Düşük Benlik Saygısı ve Şizofreni, Şizoaffektif Bozukluk
Benlik saygım ve şizofrenim düşük (şizoaffektif bozukluk). Ne yazık ki, genellikle çok düşük benlik saygısı hissediyorum. Şizoaffektif bozukluğumdan kaynaklanıp kaynaklanmadığını bilmiyorum, ancak şizoaffektif bozukluğun yardımcı olmadığı kesin.
Benlik Saygısı ve Şizofreni Nasıl Bağlanır?
Şizoaffektif Zihnime Güvenmiyorum
Kendi zihnime güvenemeyeceğimi hissediyorum. Bunun düşük benlik saygısı için oldukça iyi bir tetikleyici olduğunu söyleyebilirim. Sürekli kendimi ikinci olarak tahmin ediyorum ve yoğun günlerinin ortasında insanları çağırıp tamam, radyatöre yakın bir sandalyenin arkasına kar ile nemli bir ceket asmak gibi bir şey yaptım kuru. Ateş yakabilir miyim? Bunu doğru yaptım mı? Her zaman gerçekten basit, basit şeylerle de ilgilidir: çöpü “doğru” çıkardığım ya da dairemdeki bir karışıklığı temizleyip temizlemediğim “doğru”.
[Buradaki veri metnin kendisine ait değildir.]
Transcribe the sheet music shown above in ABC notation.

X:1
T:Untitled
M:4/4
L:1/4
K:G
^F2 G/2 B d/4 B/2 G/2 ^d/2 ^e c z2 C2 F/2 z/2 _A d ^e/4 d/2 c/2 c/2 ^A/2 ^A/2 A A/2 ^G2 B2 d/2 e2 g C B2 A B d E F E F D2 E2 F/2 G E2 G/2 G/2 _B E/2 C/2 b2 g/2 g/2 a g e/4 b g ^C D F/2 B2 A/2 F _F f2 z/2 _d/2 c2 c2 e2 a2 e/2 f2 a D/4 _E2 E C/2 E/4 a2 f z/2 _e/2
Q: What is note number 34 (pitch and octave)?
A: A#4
Çoğu insan bir döküntüyü temizlemenin veya çöpü çıkarmanın yanlış veya doğru bir yolu olmadığını söylerdi, ama bir şeyler buluyorum ve onlara sabitledim. Örneğin, düğümü çöp torbasına daha sıkı bağlamam gerekir miydi? Beynim, gerçekliğin çarpıtıldığı noktaya ilişkin dakika detaylarına odaklanıyor.
Kendime Çok Zorum
Ne yazık ki, bu blog hakkında çok düşük bir özgüvenim var. Bunu sana itiraf etmekten nefret ediyorum. Sadece bunu çok önemsiyorum ve okuyan insanlara yardım etmeyi önemsiyorum ve mükemmelleştirmek istiyorum. Ve, kimse mükemmel değil. Okuyuculardan, karşılaştıkları rahatsız edici sorunları da sıfırlamak için ne kadar iyi bir iş yaptığım konusunda sürekli olumlu geri bildirimler alıyorum. Ama yine de gerçekten hissediyorum işim hakkında endişeli ve güvensiz.
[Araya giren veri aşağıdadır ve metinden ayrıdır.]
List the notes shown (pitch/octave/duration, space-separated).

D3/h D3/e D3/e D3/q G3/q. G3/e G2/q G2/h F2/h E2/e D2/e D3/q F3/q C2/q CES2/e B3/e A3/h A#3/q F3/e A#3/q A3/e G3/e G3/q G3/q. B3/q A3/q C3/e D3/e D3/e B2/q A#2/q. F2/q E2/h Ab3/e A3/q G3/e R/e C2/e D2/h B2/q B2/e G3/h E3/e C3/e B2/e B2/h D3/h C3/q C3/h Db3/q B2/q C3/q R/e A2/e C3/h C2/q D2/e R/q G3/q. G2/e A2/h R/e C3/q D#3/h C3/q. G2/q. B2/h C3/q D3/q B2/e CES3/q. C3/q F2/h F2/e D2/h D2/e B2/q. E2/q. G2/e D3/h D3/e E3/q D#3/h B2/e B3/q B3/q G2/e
Arkadaşlarım ve ailem her zaman bana çok vicdanlı olduğumu söylüyor ve kendim için çok zor. Yine, bunun şizoaffektif bozukluktan kaynaklanıp kaynaklanmadığını bilmiyorum. İnsanlar bana bunu söylediğinde, bir kulağa girip diğer kulağa gitme eğilimi gösterir. Belki dikkat etmeye başlamalıyım.
Bir parçam dikkat ediyor, ama endişeleniyorum, eğer bu blog hakkında veya başka bir şey hakkında kendime bu kadar sert davranmamayı bırakırsam, bunu yaptığım gibi yapmaya da itilmeyeceğim. Tamam, bu da mantıklı değil. Rahat, açık ve alıcı olduğumda elimden gelenin en iyisini yapacağımı biliyorum. İnsanların güven duyduklarında daha iyi performans gösterdikleri iyi bilinmektedir.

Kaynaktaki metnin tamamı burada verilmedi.